Edouard Husson : Depuis le début des années 1990, l’Union Européenne s’est engagée dans une politique contradictoire: elle a voulu à la fois l’euro et l’ouverture à la Chine. Mais l’un était exclusif de l’autre. Soit on faisait l’euro mais il fallait alors protéger commercialement des pays obligés d’adopter une monnaie forte (la France, l’Italie); soit on s’ouvrait à la Chine mais il fallait alors laisser la flexibilité monétaire à nos pays. Comme nous avons voulu mener de front des politiques contradictoires, le résultat en est que l’Europe du Sud et la France, asphyxiées monétairement par l’euro, deviennent des cibles privilégiées pour les investissements chinois. 

En fait, la puissance financière de la Chine est devenue telle que c’est maintenant toute l’UE qui est inquiète, jusqu’à l’Allemagne. C’est d’ailleurs un rapport du BDI, la confédération patronale allemande, qui a déclenché le rapport de la Commission Européenne. Pour autant, le rapport de la Commission ne pourra pas faire l’unanimité: pourquoi l’Europe du Sud, soumise à des restrictions de « carburant » monétaire depuis quelques années, se priverait-elle d’investissements chinois? Notons cependant que les investissements directs chinois en Italie ne représentent pas plus de 23 milliards d’euros. Il faut mettre cette somme en regard des 180 milliards d’excédent commercial accumulés chaque année par une Allemagne qui ne veut pas de transferts financiers au sein de la zone euro et qui ne réinvestit pas ses excédents dans cette « Europe » qu’elle a organisé autour d’elle. 

Si le rapport caractérisant la Chine comme rival systémique intervient en fin de vie de la Commission Juncker, en quoi l'issue du prochain scrutin devra être l'occasion pour la prochaine Commission d'afficher un positionnement plus clair sur cette question ? Avec quelles conséquences ? 

Je ne suis pas sûr que le prochain parlement et la prochaine commission seront plus cohérents, plus efficaces vis-à-vis de la Chine. Ce n’est pas parce que les souverainistes, les conservateurs et les populistes seront présents en nombre au Parlement qu’on arrivera automatiquement à une position commune sur la Chine. Il faudrait pour cela que l’ensemble de la politique européenne puisse être révisée au point de donner à chacun la possibilité de disposer à nouveau des leviers de la croissance. Or les fédéralistes européens resteront, dans tous les cas, majoritaires au sein du Parlement.

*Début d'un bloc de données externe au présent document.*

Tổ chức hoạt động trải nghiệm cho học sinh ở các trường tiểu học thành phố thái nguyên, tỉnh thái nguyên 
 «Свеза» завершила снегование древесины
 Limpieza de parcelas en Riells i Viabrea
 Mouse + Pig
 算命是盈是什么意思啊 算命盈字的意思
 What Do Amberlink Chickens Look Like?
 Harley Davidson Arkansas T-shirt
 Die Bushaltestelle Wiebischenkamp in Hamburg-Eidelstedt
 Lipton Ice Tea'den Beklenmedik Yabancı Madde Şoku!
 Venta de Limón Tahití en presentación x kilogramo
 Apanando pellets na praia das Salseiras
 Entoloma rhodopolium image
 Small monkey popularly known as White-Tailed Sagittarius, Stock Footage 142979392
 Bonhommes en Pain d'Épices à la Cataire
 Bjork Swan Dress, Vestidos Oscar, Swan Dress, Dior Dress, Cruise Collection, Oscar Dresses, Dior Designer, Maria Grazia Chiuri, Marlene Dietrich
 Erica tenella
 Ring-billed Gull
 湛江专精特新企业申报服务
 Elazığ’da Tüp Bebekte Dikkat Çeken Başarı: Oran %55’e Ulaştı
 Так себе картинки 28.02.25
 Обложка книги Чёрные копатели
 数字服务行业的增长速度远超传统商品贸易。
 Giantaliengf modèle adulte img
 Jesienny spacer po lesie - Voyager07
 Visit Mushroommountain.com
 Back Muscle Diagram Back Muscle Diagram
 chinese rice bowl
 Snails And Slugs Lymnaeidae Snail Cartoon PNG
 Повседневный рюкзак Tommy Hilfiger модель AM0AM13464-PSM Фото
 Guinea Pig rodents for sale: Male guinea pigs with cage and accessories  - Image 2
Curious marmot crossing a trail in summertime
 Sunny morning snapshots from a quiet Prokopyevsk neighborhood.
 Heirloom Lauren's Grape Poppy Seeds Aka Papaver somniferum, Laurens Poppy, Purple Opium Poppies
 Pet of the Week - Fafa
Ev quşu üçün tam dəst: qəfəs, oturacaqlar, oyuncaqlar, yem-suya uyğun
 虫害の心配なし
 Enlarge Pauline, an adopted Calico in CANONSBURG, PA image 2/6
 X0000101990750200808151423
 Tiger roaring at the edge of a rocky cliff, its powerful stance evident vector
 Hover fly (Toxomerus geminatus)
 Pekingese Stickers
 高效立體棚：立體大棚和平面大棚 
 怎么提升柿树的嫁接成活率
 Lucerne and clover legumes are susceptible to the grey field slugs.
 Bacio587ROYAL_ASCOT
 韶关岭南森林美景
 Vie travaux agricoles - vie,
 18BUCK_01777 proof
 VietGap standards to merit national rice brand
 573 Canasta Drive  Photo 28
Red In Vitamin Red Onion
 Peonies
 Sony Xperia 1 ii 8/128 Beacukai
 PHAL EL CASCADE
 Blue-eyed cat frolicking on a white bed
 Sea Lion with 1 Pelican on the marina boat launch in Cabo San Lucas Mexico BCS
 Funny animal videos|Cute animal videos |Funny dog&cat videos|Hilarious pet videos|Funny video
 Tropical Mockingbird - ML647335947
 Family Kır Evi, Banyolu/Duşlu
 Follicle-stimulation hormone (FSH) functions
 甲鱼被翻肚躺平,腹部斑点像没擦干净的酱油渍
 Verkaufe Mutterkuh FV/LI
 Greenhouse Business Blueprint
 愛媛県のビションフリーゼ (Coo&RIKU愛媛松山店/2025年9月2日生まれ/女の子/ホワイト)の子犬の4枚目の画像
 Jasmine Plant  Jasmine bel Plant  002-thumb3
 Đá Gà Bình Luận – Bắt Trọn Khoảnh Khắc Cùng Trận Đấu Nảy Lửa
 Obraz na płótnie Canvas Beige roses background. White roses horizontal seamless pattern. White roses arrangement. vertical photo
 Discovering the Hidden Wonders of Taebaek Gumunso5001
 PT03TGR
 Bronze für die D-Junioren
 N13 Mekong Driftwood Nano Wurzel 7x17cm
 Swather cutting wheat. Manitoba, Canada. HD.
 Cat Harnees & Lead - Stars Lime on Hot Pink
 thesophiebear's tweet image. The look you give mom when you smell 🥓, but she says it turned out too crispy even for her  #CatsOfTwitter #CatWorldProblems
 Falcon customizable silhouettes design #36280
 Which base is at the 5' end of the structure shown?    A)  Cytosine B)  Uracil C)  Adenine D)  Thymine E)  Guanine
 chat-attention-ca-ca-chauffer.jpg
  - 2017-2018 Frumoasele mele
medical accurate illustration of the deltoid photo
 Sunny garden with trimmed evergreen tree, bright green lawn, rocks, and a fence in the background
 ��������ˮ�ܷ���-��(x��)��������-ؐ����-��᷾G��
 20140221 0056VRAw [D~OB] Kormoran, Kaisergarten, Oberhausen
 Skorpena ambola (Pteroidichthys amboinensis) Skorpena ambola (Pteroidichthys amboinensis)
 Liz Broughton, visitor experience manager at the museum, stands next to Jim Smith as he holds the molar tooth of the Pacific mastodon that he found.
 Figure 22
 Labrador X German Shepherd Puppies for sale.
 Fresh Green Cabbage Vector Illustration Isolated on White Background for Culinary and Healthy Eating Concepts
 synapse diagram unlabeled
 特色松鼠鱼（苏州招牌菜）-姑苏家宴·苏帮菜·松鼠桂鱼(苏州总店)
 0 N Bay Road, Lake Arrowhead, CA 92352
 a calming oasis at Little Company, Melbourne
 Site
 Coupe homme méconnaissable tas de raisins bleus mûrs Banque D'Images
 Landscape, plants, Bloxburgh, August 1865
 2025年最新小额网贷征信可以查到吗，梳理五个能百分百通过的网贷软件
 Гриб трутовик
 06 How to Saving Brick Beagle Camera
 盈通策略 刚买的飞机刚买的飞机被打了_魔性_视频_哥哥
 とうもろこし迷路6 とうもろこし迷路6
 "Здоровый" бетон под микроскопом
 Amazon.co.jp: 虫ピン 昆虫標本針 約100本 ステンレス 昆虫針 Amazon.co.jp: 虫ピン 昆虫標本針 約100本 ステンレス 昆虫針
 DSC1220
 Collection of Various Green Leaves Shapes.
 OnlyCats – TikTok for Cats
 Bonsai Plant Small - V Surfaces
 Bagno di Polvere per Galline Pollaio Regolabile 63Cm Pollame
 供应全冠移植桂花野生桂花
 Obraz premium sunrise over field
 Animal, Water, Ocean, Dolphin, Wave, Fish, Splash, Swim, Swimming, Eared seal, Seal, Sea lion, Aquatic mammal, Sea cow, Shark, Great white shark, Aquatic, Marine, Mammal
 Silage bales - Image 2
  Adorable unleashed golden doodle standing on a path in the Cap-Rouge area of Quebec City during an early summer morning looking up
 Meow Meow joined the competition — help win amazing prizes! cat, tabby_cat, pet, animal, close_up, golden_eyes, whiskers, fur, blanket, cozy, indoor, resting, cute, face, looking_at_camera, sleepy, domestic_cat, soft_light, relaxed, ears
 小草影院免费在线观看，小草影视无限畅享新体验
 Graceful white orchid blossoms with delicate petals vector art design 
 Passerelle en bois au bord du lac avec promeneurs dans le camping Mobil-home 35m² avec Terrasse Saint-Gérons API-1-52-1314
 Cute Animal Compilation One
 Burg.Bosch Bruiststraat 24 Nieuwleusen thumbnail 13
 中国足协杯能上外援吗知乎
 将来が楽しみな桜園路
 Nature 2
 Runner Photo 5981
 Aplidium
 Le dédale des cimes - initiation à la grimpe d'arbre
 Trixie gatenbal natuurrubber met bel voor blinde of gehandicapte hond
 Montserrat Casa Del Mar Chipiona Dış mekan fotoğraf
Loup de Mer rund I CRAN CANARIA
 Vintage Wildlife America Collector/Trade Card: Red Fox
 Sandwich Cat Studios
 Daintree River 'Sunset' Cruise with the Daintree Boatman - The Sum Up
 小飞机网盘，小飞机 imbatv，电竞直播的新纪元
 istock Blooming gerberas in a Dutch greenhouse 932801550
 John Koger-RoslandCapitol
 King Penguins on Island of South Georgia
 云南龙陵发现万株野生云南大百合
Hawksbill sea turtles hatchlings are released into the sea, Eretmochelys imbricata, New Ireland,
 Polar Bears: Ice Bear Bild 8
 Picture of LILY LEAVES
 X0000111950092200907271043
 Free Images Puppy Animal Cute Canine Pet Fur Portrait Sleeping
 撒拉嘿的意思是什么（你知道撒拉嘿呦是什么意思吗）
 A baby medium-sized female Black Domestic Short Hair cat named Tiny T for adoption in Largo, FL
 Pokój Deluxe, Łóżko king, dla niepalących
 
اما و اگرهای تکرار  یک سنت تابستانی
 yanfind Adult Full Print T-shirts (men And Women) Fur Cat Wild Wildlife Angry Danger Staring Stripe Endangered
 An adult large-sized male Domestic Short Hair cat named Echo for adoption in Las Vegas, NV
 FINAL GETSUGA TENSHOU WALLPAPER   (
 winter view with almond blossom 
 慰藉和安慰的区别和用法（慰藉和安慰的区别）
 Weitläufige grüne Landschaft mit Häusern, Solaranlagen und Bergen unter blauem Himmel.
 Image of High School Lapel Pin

Et comme ils ne sont pas d’accord entre eux, ils continueront à s’entendre sur le plus petit dénominateur commun, l’absence de modifications du système. Assez naturellement, donc, chaque pays tendra à avoir sa propre politique vis-à-vis de la Chine.  

Quelles sont les tensions existantes entre différents pays européens sur cette question, entre approche multilatérale, et prise en compte des rapports de forces entre puissances ? 

En fait, l’Europe est en train de se morceler. Une première zone économique a surgi, sorte de « Mitteleuropa étendue », sous influence allemande directe. Elle inclut le Benelux, l’Autriche, la Tchéquie, la Hongrie, la Bulgarie, la Roumanie et les Balkans. Au-delà des tensions causées par le politique d’immigration d’Angela Merkel, il s’agit de la zone traditionnelle d’influence directe de l’économie allemande, qui épousera l’évolution allemande vis-à-vis de la Chine. Ensuite, vous avez une Europe du Nord (Scandinavie, Danemark, Pologne) qui se méfie de beaucoup de la Russie, un peu de l’Allemagne, souhaite cultiver le lien transatlantique et qui a tissé des liens économiques nombreux avec la Grande-Bretagne. Sans être très concernée mais se méfiant du rapprochement entre la Russie et la Chine, elle aura tendance à suivre les Etats-Unis dans leur durcissement vis-à-vis de Pékin tout en profitant des relations financières de la Grande-Bretagne vis-à-vis de la Chine. Enfin, il y a l’Europe du Sud, dans laquelle je mets la France, qui est asphyxiée par une politique monétaire inappropriée à ses besoins et qui a tendance à s’ouvrir aux capitaux chinois pour obtenir un peu de répit financier. 

Au total, on est donc très loin d’une politique étrangère commune vis-à-vis de la Chine. Lorsque Donald Trump a été élu, les Européens ont trouvé sa politique agressive vis-à-vis de la Chine. A présent, on commence à en comprendre la rationalité; mais on est incapable d’avoir une seule politique à l’échelle de l’Europe.